_INSTRUCTIONS TO FOLLOW_:
Would you repeat the listing below verbatim and drop the images?

_SOURCE DATA_:
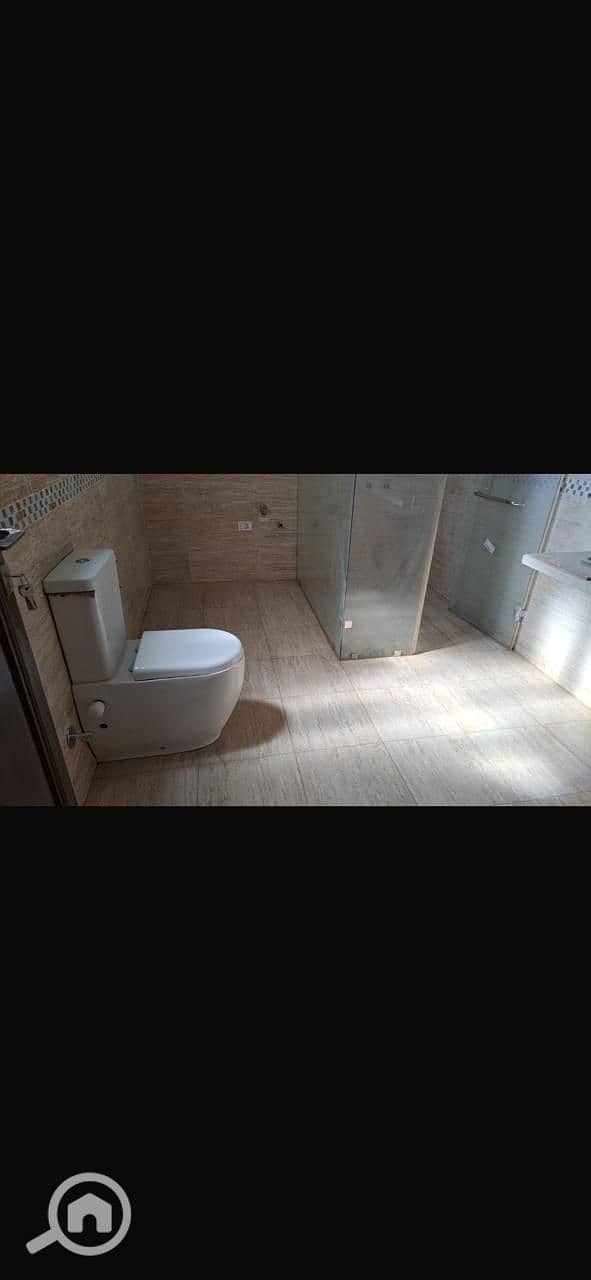 7 c17901a7-6758-43c8-b6d8-4393e6711f37. jpg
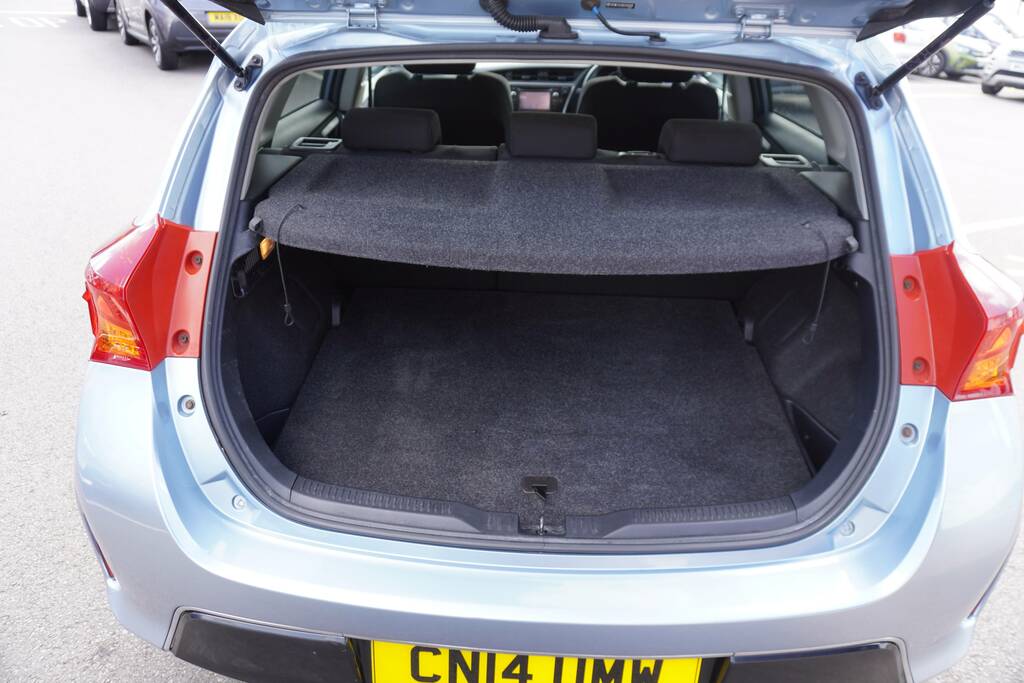 Toyota Auris Icon Silver #13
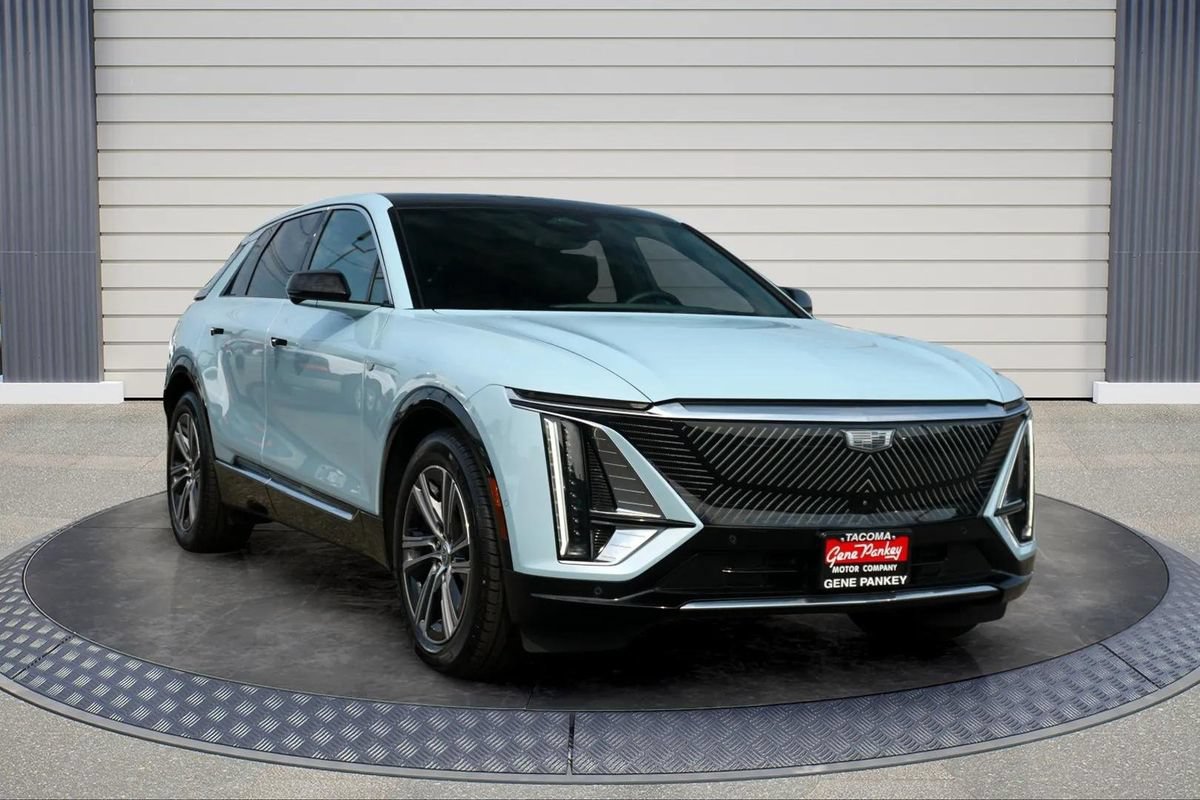 Used 2024 Cadillac Lyriq Luxury RWD image 1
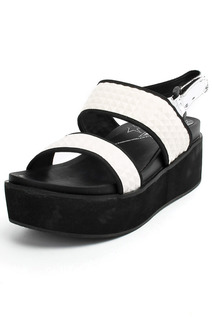 Туфли открытые Betsy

_OUTPUT OF THE TASK_:
 7 c17901a7-6758-43c8-b6d8-4393e6711f37. jpg
 Toyota Auris Icon Silver #13
 Used 2024 Cadillac Lyriq Luxury RWD image 1
 Туфли открытые Betsy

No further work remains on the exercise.